Is the CPI (Consumer Price Index) A Valid Metric For Inflation?

Is the CPI (Consumer Price Index) A Valid Metric For Inflation?

The Consumer Price Index (CPI) is one of the most oft used techniques for measuring inflation the world over. Specific countries scrutinize different sets of data, but all employ a similar method. In the US, there has been contention surrounding the CPI for many years now. Initially, it was calculated by contrasting a market basket of goods from two periods – effectively operating as a cost of goods index (COGI). Yet, under the auspices of the US Congress, the CPI eventually developed into a cost of living index (COLI). In addition, as time passed methodological changes occurred which often resulted in a lower CPI. In this article, experts weigh in and provide compelling insight into whether the Consumer Price Index is a valid metric for inflation.

A Better Measure Would Be “Chained CPI”

“The Consumer Price Index (CPI) has long served as the foundational inflation measure for economic activity. In fact, it underpins the health of an economy because a stable CPI measure indicates the opportunity for economic prosperity. Absent predictable CPI readings, consumers will not have an accurate signal about price expectations and may change their behavior in detriment to the economy as a whole.

One major limitation to the current CPI measure is its inability to incorporate decisions consumers might actually make when evaluating a fixed basket of goods. For example, when a price increases for one consumer product included in the selection of goods used to measure CPI, many consumers would choose to switch to a substitute. CPI doesn’t account for this reality. Instead, CPI assumes the consumer would simply pay more for the same product. Reality usually shows a different response in the form of choosing a substitute product.

Instead, a better measure which accounts for this substitution effect would be “chained CPI.” This more closely resembles the substitution decisions consumers would make in response to rising prices of certain items as opposed to simply paying more for the same good. This metric will capture the switching dynamic.”

Riley Adams, CPA,

Not An Exact Reflection, But Gives A Good Feel For It

“The CPI isn’t an exact reflection of the inflation rate, but it gives us a good feel for it. For the consumer, it shows them the increase in the price of the most common items that people buy, so if this is what they want to know when it is perfect.

However, for anyone interested in a deeper look at the current inflation rate there are other factors to take into account. For example, the CPI is based on a fixed basket of goods rather than taking into account every single product available. So, it really comes down to the reason for wanting to understand this subject.”

Phillip Konchar, Head Tutor, My Trading Skills

CPI Is Likely The Best Measure

“The CPI is one of a few common economic indicators that attempts to measure the magnitude of price changes (inflation) in the economy.
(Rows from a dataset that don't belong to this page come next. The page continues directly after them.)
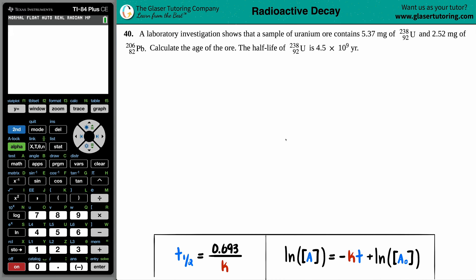Number 40: a laboratory investigation shows that a sample of uranium ore contains 5.37 milligrams of uranium-238 and 2.52 milligrams of lead-206. Calculate the age of the ore. The half-life of uranium-238 is 4.5 times 10 to the 9th years.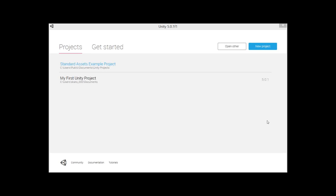Now we're officially live with the recording. If you're watching the recording, we're just opening up Unity, getting through the sample questions they have, just to get to the screen. All right, Gabe, Kevin, any progress, any response?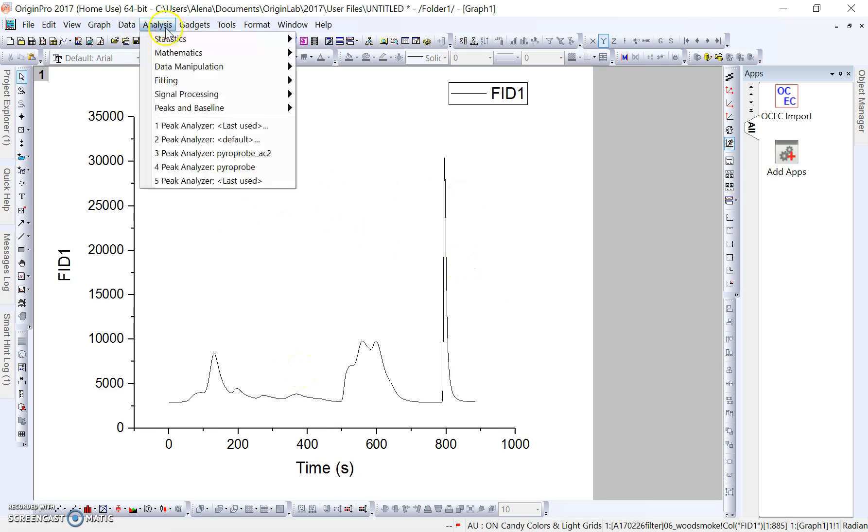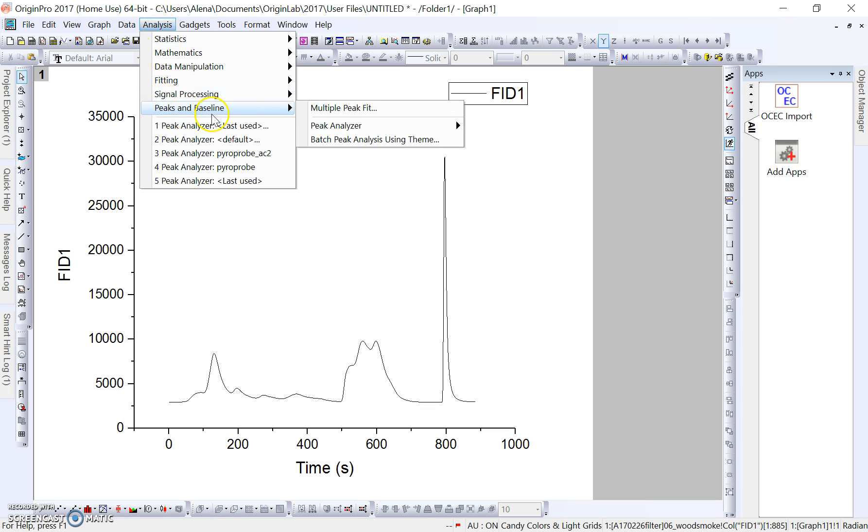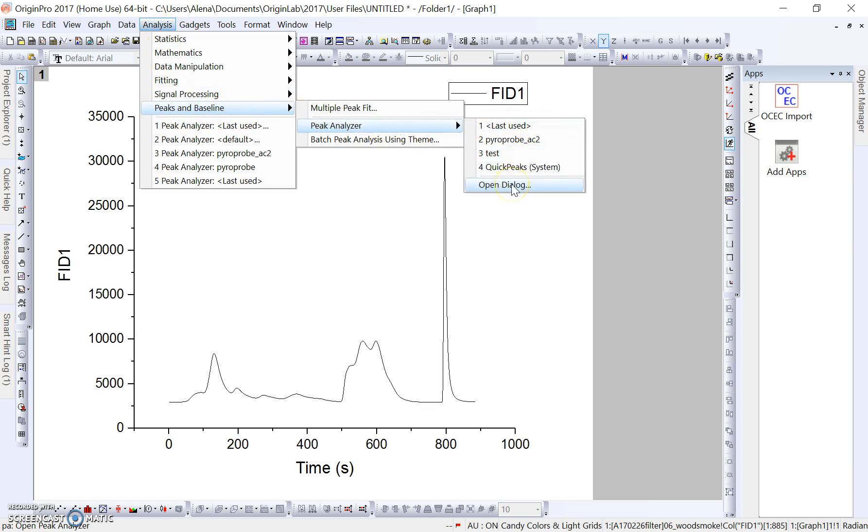To begin with the peak and to analyze our peak areas, we go into Analysis here up at the top, Peaks and Baseline, Peak Analyzer, and we're going to go Open Dialog.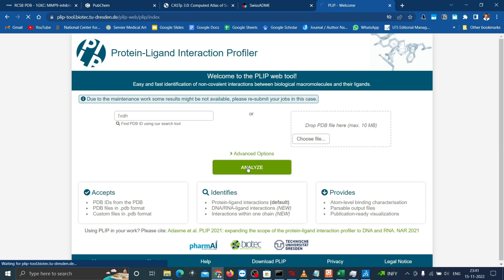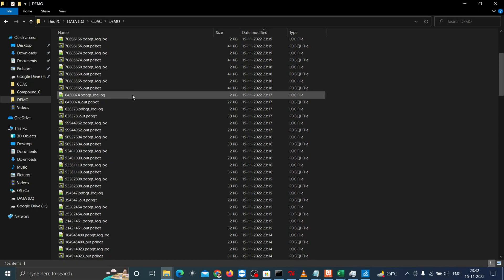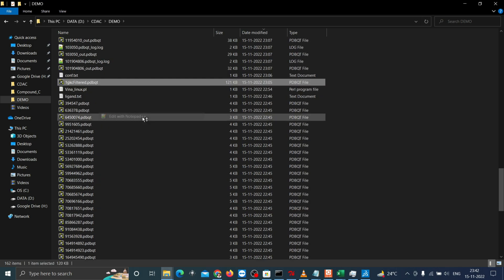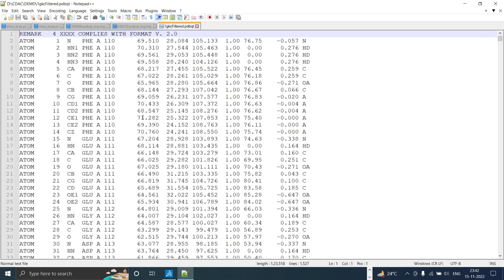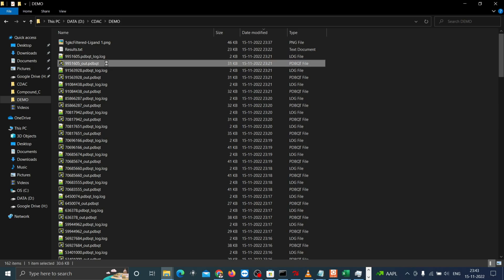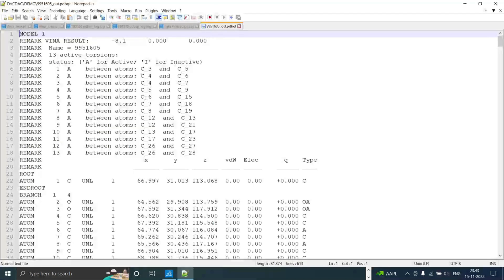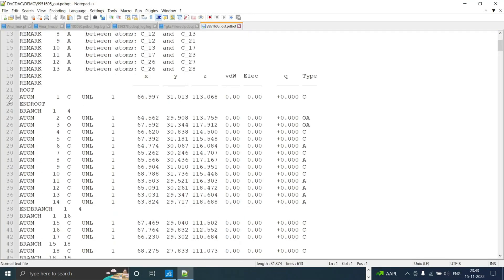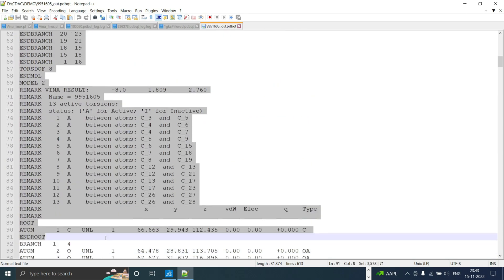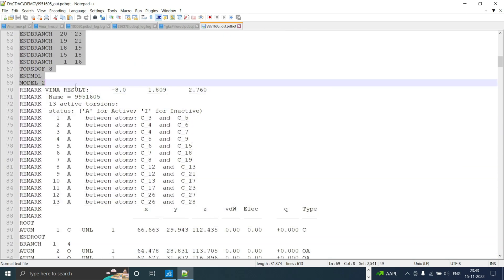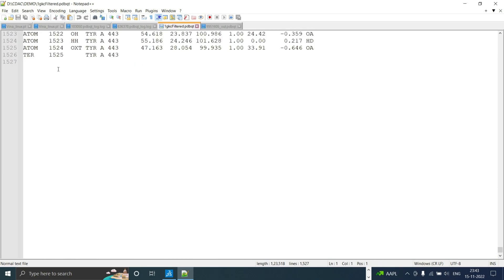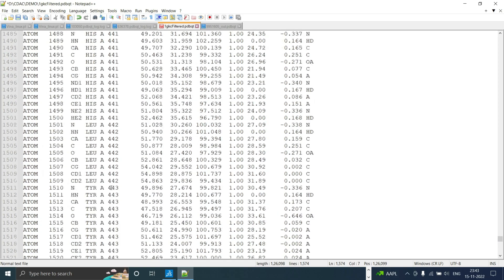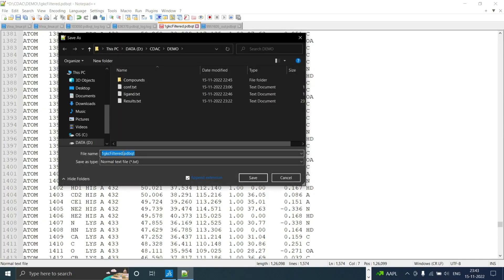Now you need a PDB complex to be made for the analysis. Go to the directory and open your receptor structure in PDBQT. Then open the docked output file which you want to make complex of structure. Copy the model 1 which had the higher affinity in the docking from root to end MDL. Now paste it in the end of the receptor and save it as a separate file named as complex.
The CPI, as the name indicates focuses on the price changes experienced by consumers. There are better indicators if one is looking at price changes for producers
(Purchaser Price Index – PPI), imports and exports (Import/Export Price Indexes – MXP), or employment costs (Employment Cost Index – ECI).

One drawback of the CPI is the time lag associated with the basket of goods included within the CPI. The basket of goods is determined by surveys the Bureau of Labor Statistics conducts to understand what products consumers are purchasing. There is generally a lag of about three years from the survey to when the basket of goods used in the Index is updated. This can be meaningful as the items consumers are purchasing can change quickly, particularly with rapid change in technology or substituting one good for another.
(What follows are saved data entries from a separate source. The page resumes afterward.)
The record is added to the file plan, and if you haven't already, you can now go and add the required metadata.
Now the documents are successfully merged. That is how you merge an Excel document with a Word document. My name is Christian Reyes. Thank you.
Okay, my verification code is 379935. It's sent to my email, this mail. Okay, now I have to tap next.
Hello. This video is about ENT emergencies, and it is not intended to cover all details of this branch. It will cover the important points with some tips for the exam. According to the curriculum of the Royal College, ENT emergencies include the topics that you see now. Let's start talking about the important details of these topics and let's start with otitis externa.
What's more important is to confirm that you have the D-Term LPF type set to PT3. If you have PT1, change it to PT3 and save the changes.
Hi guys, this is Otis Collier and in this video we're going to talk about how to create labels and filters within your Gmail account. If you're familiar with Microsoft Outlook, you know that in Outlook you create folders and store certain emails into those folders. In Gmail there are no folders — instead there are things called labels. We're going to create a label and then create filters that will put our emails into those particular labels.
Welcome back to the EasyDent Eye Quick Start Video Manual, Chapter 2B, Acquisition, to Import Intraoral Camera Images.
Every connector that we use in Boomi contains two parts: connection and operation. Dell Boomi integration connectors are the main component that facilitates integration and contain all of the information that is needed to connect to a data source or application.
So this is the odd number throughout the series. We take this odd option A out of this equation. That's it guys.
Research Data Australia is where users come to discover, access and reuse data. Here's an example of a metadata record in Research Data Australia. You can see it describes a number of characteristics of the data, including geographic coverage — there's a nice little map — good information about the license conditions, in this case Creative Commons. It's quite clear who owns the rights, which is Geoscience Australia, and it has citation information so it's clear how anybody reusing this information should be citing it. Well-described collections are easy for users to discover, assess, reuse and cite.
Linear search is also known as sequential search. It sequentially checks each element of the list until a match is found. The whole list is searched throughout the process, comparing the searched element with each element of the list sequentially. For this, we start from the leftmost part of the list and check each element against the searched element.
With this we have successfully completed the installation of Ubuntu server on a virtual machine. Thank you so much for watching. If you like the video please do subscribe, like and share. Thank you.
One other consideration is that the CPI can be volatile as it includes volatile products such as the price of energy (gasoline and natural gas prices can be quite volatile) and food. The Federal Reserve prefers to use a core inflation metric that excludes these volatile goods. The core inflation index the Federal Reserve prefers is the Personal Consumption Expenditures Price Index published by the Bureau of Economic Analysis.
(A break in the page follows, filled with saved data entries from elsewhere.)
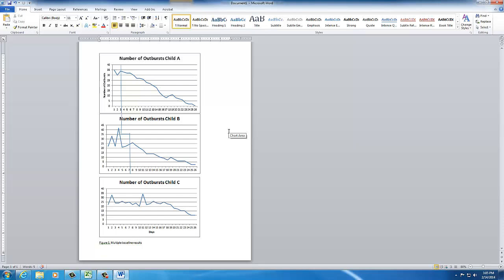So once you get the graphs to this position you can do the rest of the work by hand once you get all the phase lines drawn in and all the labels and all of that drawn in. You can print it out and then do your stability line and your mean and your trend line and your quickie split middle etc. You can do that all by hand. I hope this helps.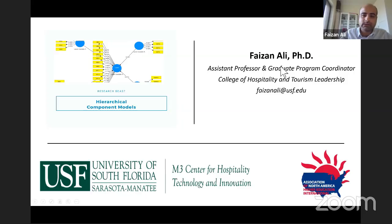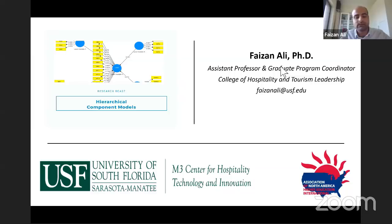My name is Faizan Ali. I'm an assistant professor and graduate program coordinator at the College of Hospitality and Tourism Leadership, University of South Florida, Sarasota-Manatee. This webinar is a chat with Dr. Jackie, who I'm going to introduce very soon.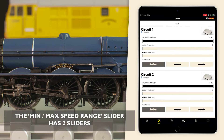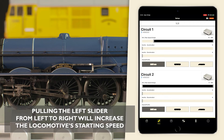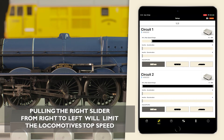The minimum and maximum speed range slider has two sliders. Pulling the left slider from left to right will increase the locomotive's starting speed. Pulling the right slider from right to left will limit the locomotive's top speed.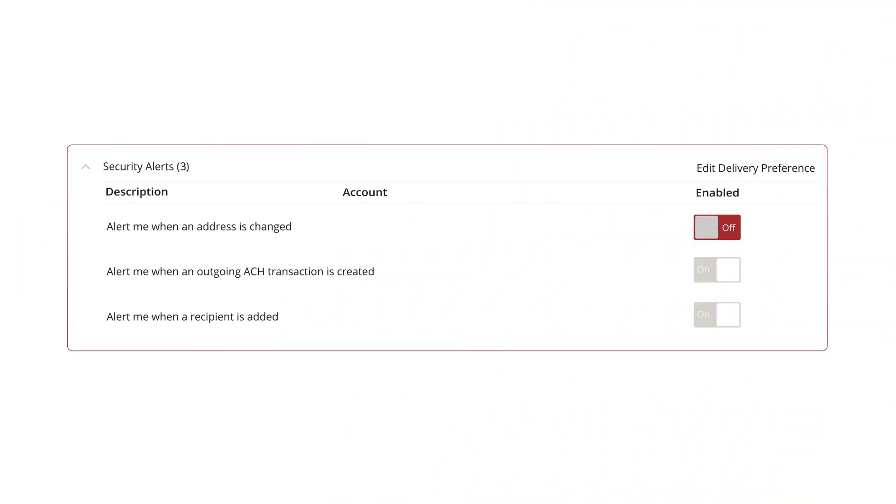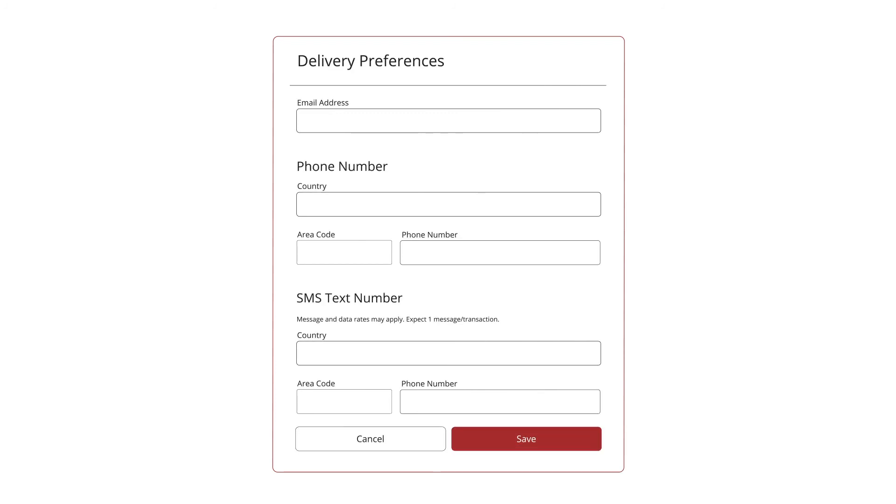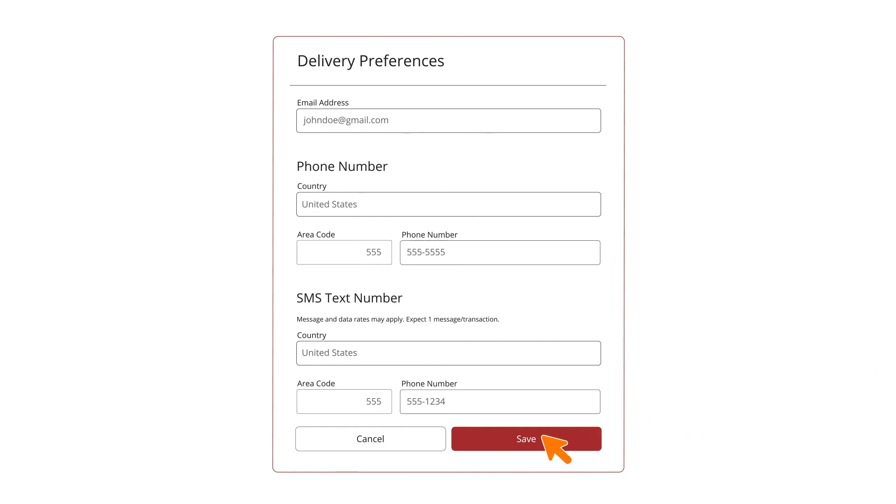To edit your contact information, click the Edit Delivery Preferences link. These changes will apply to all security alerts. Enter your preferred delivery method and click the Save button when you are finished.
Overall, the CPI is likely the best measure of the change in prices that consumers actually experience within an economy.”

John Linton, Managing Member and Portfolio Manager, Elbert Capital Management


There are both benefits and issues surrounding the use of the CPI as an accurate measure for inflation. For instance, the basket of goods used for the CPI is based upon purchases from a “typical household”, which is not a representative sample of all households. Thus, it is not an exact science, as it were. Likewise, the CPI can overstate inflation if it factors goods and services that consumers are using less of due to price increases. Substitution influences the weighting on the market basket, consequently resulting in a lower CPI. In addition, the basket of goods does not always factor the expenditure of new products that people regularly use. Consumption trends take time to be accounted for.

In essence, we are faced with a decision: accept the official CPI numbers provided by the Bureau of Labor Statistics (BLS), or choose alternate measures of inflation, thereby embracing the argument that official figures are inaccurate. Ultimately, whether or not the Consumer Price Index is a valid metric for inflation remains to be seen.